A D.C. Superior Court judge was wrong to close his courtroom to the public during jury selection, but the error isn't enough to overturn a man's conviction on a disorderly conduct charge, an appeals court in Washington said today.
The trial judge, Robert Rigsby, cleared his courtroom in April 2008 to question prospective jurors individually before the start of a trial in which a man was charged with disrupting a Senate Foreign Relations Committee hearing.
The defendant, David Barrows, who interrupted the testimony of General David Petraeus during a hearing on Sept. 11, 2007, did not object at the time to the closure of Rigsby’s courtroom. The D.C. Court of Appeals has long held that the public has a right to attend jury selection.
Barrows raised the issue on appeal for the first time, saying the sealing of the room violated the integrity of his trial. Barrows was pro se in the trial court, receiving help from two attorney-advisers. He was sentenced to 18 months of supervised probation and ordered to pay a $500 fine.

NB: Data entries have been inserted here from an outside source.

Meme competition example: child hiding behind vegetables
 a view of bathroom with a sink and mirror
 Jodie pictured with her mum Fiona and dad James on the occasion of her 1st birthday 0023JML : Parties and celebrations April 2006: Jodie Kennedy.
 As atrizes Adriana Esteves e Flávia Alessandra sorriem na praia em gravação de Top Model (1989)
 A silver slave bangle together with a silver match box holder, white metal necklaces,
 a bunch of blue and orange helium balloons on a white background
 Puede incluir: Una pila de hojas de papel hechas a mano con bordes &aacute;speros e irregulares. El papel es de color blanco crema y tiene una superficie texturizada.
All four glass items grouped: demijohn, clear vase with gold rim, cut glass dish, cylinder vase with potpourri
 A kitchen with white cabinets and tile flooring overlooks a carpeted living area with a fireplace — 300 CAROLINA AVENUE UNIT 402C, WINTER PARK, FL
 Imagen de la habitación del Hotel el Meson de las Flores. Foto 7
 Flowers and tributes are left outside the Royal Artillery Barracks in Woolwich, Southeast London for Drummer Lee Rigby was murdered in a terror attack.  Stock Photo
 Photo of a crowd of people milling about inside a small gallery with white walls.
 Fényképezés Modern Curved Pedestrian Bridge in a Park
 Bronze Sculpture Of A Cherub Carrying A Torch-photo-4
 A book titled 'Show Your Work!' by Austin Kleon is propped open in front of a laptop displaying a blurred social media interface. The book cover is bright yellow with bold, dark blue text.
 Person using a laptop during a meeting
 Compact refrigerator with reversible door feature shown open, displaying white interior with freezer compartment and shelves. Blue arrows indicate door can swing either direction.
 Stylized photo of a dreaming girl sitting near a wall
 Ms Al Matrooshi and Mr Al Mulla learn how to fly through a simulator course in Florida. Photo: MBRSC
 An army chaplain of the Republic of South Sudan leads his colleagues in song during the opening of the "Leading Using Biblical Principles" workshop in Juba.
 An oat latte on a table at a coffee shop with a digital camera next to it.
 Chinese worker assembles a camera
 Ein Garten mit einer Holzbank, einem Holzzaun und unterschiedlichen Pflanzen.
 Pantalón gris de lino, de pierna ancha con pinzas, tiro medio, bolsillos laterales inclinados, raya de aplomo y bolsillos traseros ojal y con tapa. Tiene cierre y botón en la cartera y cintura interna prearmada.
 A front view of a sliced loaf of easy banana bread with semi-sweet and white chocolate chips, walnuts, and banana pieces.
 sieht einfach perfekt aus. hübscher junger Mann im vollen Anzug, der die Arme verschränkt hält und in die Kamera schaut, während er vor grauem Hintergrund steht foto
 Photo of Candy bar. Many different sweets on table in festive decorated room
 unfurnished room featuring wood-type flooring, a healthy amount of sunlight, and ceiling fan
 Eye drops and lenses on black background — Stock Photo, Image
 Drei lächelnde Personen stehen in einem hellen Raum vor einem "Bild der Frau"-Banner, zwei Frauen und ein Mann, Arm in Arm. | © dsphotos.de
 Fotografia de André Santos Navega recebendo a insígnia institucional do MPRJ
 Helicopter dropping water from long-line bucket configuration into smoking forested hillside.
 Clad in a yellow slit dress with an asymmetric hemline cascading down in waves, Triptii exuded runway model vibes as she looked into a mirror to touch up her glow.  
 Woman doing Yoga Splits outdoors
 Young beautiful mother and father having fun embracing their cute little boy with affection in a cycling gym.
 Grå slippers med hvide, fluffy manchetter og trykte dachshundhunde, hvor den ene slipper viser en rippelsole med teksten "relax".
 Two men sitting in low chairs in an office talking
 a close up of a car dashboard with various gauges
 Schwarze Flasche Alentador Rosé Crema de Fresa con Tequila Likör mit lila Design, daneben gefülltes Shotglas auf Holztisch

Calling the case one of first impression, a three-judge panel of the D.C. Court of Appeals rejected Barrows’ contention that Rigsby’s action was egregious enough to warrant a reversal of the criminal conviction.
For starters, the appeals court said, it was unclear whether a woman in the courtroom actually objected to being removed from Rigsby’s courtroom or whether she displayed a facial expression of displeasure of having to get up and move.
The appeals court said a “structural” error—one that affects the framework of a trial and not simply the trial process—is likely to have an effect on the “fairness, integrity or public reputation of judicial proceedings.” The court added, however, that the closure of this courtroom did not “seriously” affect those factors.
The closure was brief, the appeals court said, and the judge assured spectators that they could attend the trial. There is nothing in the record, the court said, indicating that Rigsby wanted secret proceedings to avoid public scrutiny.
“We cannot conclude that the judge’s (polite) handling of the matter, though erroneous, had any serious adverse effect on the public reputation of the court,” Judge Phyllis Thompson wrote in today’s 23-page ruling [.pdf], joined by judges Vanessa Ruiz and Noel Kramer.
Even if spectators had been allowed to remain in court, the observers would not have heard the exchanges among Rigsby, the prosecutor and Barrows. The judge turned on a white noise device commonly called a “husher.”
A lawyer for Barrows, Jeffrey Light, a Washington solo practitioner, said he is planning to review whether to ask the full court to hear the case.